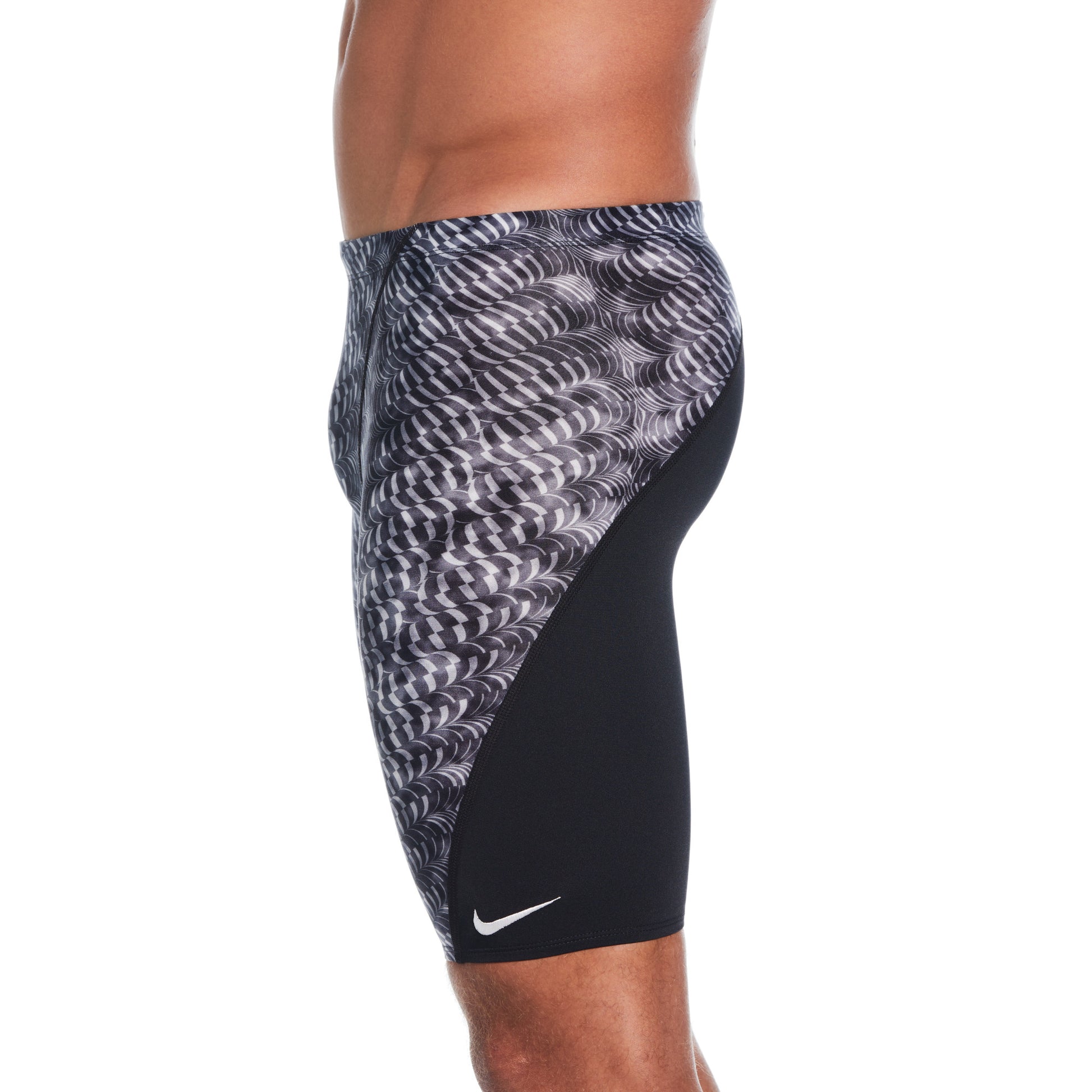 Nike Men's HydraStrong Pool Lanes Swim Jammer  Swim Jammers  Nike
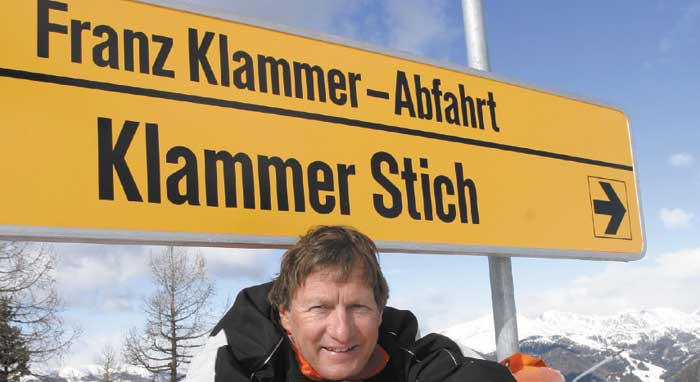 Franz Klammer in Bad Kleinkirhheim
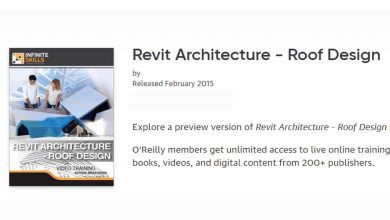 آموزش طراحی سقف رویت InfiniteSkills – Revit Architecture – Roof Design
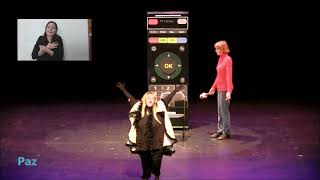 CO JUAN DE AUSTRIA TELETEATRO GRUPO : EL LABERINTO XX CERTAMEN DE EXPRESIÓN DRAMÁTICA AYTO MADRID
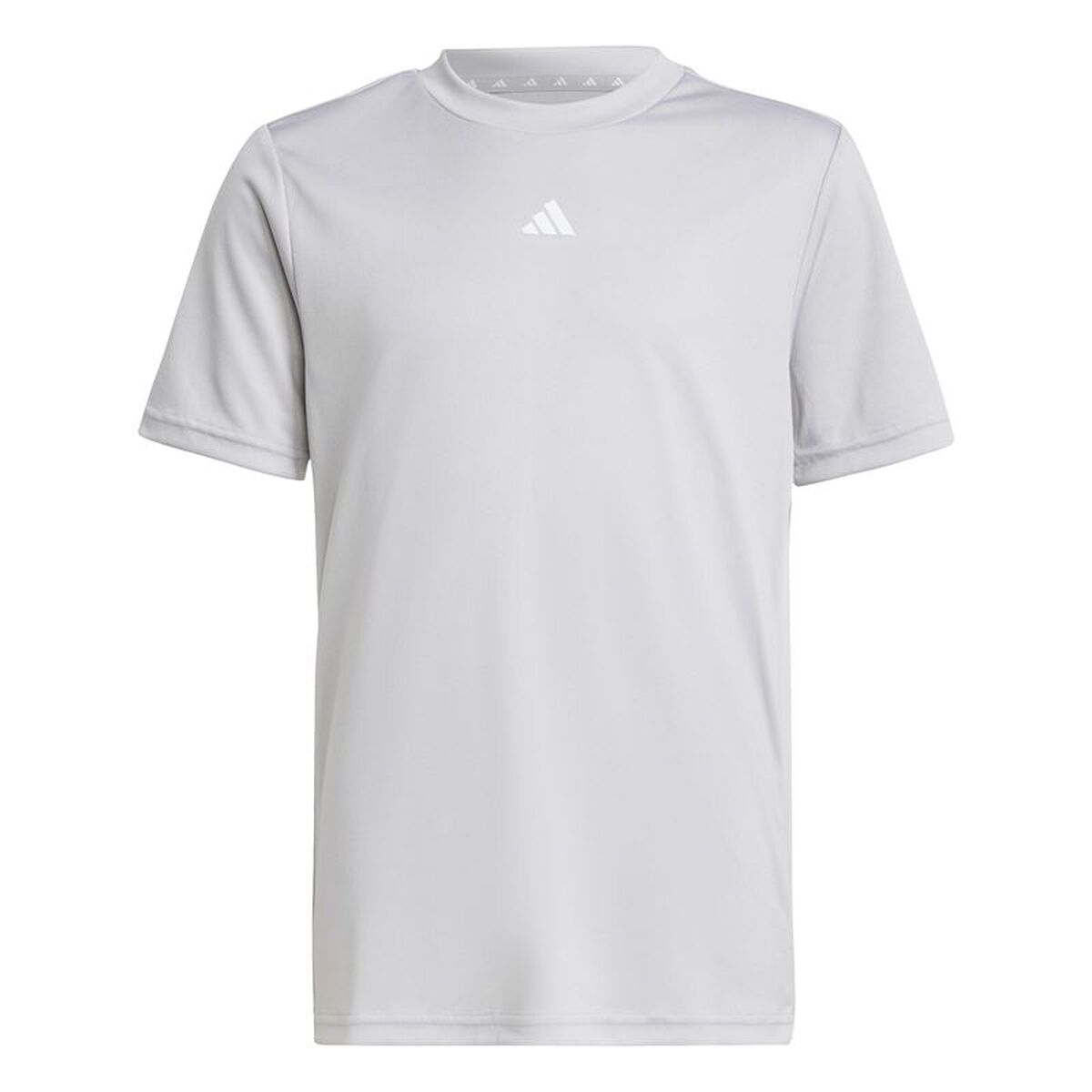 Barn T-shirt med kortärm Adidas Tr-Essentials Ljusgrå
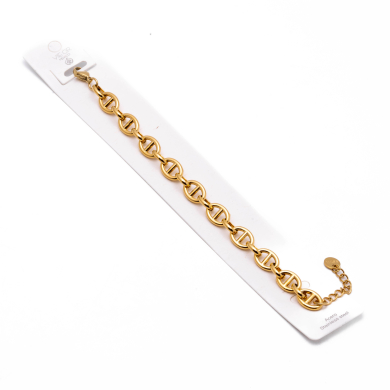 PULSERA ZO14330B DORADO Acero Inoxidable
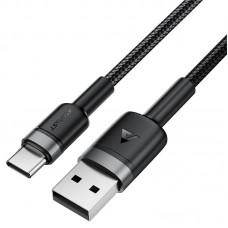 Кабель Acefast C22-04 USB to Type-C черный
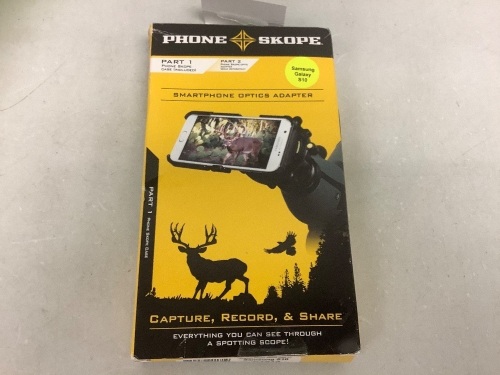 Phone Skope Smartphone Adapter, E-Commerce Return, Sold as is - Lot 646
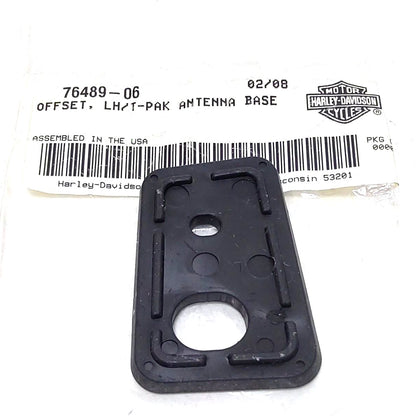 NOS Genuine Harley 2006-2007 FLHTCUI Left Tour Pak Antenna Offset Base 76489-06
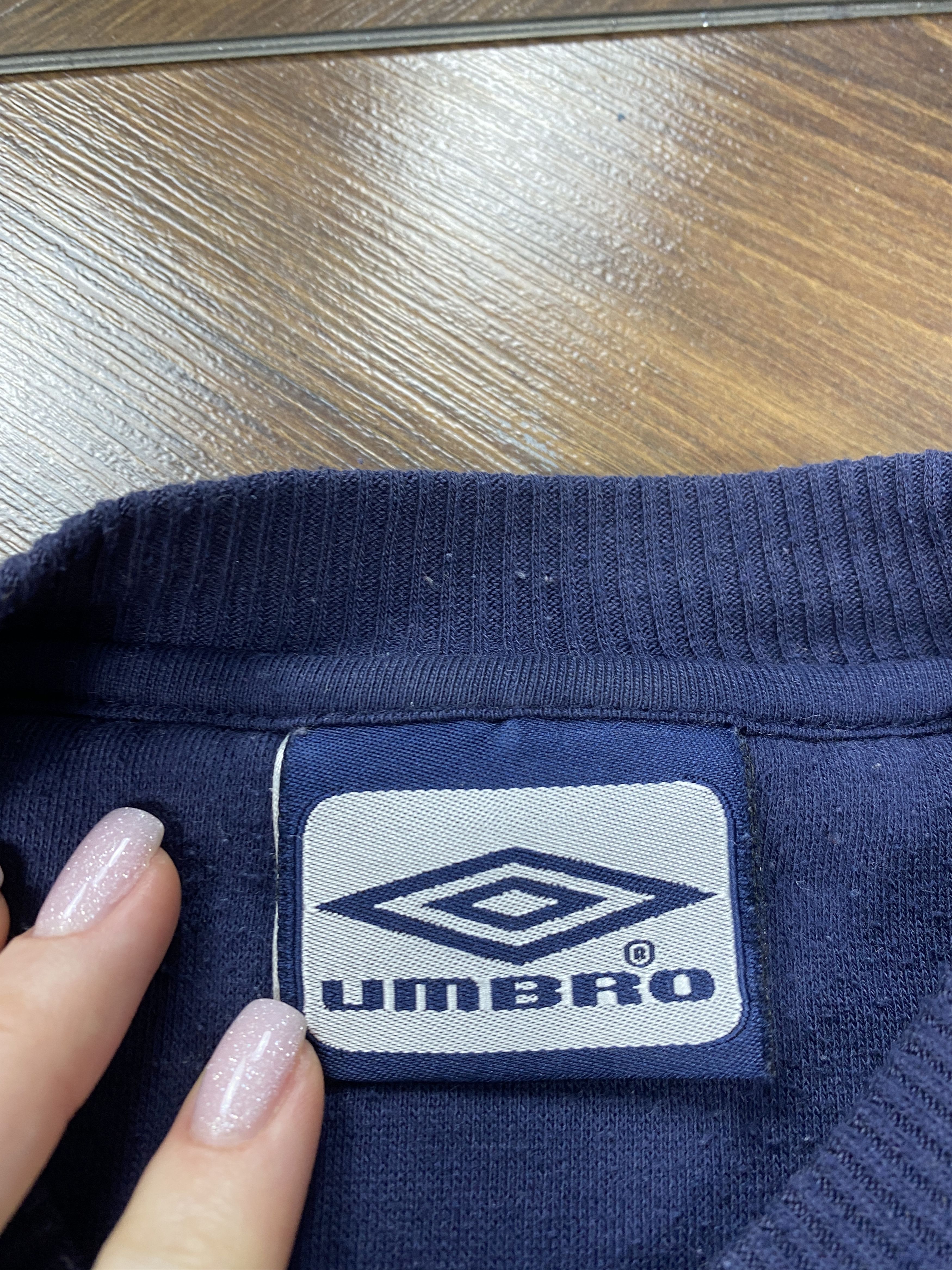 Umbro Umbro vintage big logo sweatshirt Size US S / EU 44-46 / 1 - 4 Thumbnail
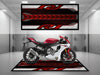 MPM Motorcycle Mat for Yamaha R1 - U1403 MPM Motorcycle Mat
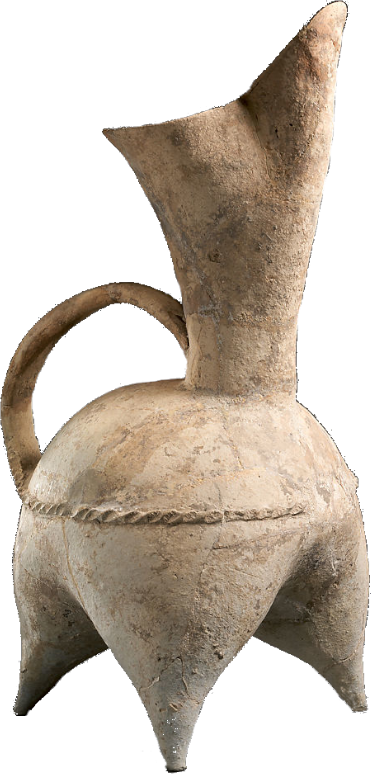 Tripod Vessel (Gui) - Neolithic, Dawenkou culture (ca. 2800–2400 B.C.) - Met Museum 1993.198.2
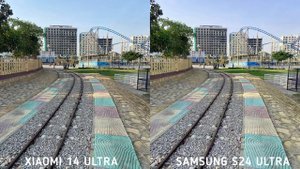 Xiaomi 14 Ultra VS Samsung Galaxy S24 Ultra Camera Test Comparison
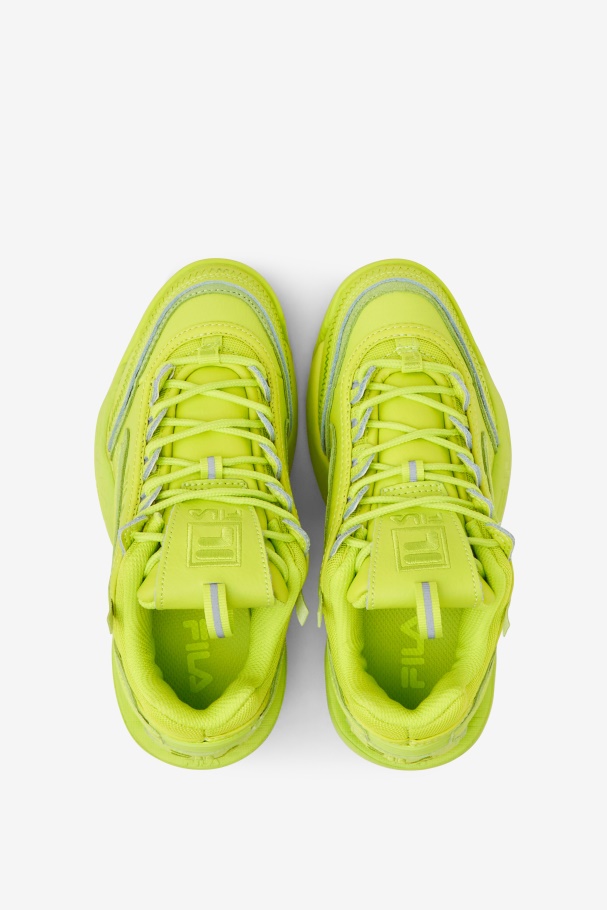 Fila UK Lime Punch Little Kids\' Disruptor 2 Exp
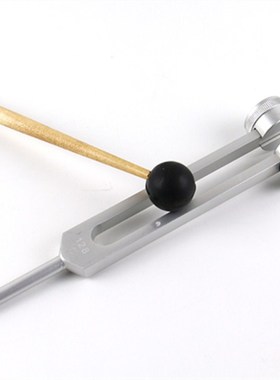 128HZ音叉带圆轮铝质送袋音捶256HZ音叉 512HZ音叉 1024HZ 2048hz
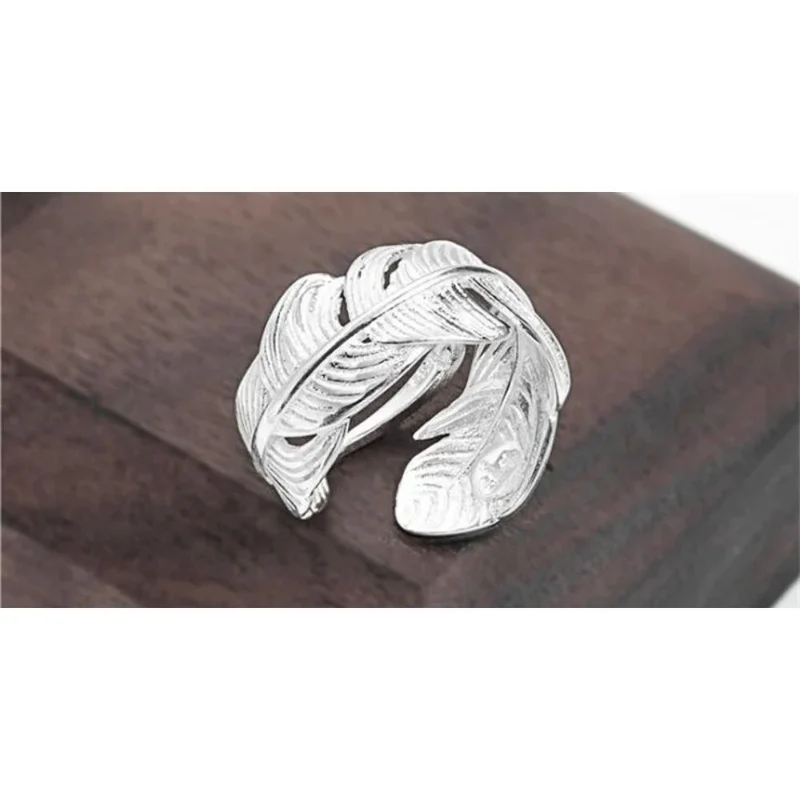 Bague en Forme de Plume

TASK INSTRUCTIONS: Exactly as they stand, set down all of the entries above, minus every picture.

YOUR SOLUTION:
 Nike Men's HydraStrong Pool Lanes Swim Jammer  Swim Jammers  Nike
 Franz Klammer in Bad Kleinkirhheim
 آموزش طراحی سقف رویت InfiniteSkills – Revit Architecture – Roof Design
 CO JUAN DE AUSTRIA TELETEATRO GRUPO : EL LABERINTO XX CERTAMEN DE EXPRESIÓN DRAMÁTICA AYTO MADRID
 Barn T-shirt med kortärm Adidas Tr-Essentials Ljusgrå
 PULSERA ZO14330B DORADO Acero Inoxidable
 Кабель Acefast C22-04 USB to Type-C черный
 Phone Skope Smartphone Adapter, E-Commerce Return, Sold as is - Lot 646
 NOS Genuine Harley 2006-2007 FLHTCUI Left Tour Pak Antenna Offset Base 76489-06
 Umbro Umbro vintage big logo sweatshirt Size US S / EU 44-46 / 1 - 4 Thumbnail
 MPM Motorcycle Mat for Yamaha R1 - U1403 MPM Motorcycle Mat
 Tripod Vessel (Gui) - Neolithic, Dawenkou culture (ca. 2800–2400 B.C.) - Met Museum 1993.198.2
 Xiaomi 14 Ultra VS Samsung Galaxy S24 Ultra Camera Test Comparison
 Fila UK Lime Punch Little Kids\' Disruptor 2 Exp
 128HZ音叉带圆轮铝质送袋音捶256HZ音叉 512HZ音叉 1024HZ 2048hz
 Bague en Forme de Plume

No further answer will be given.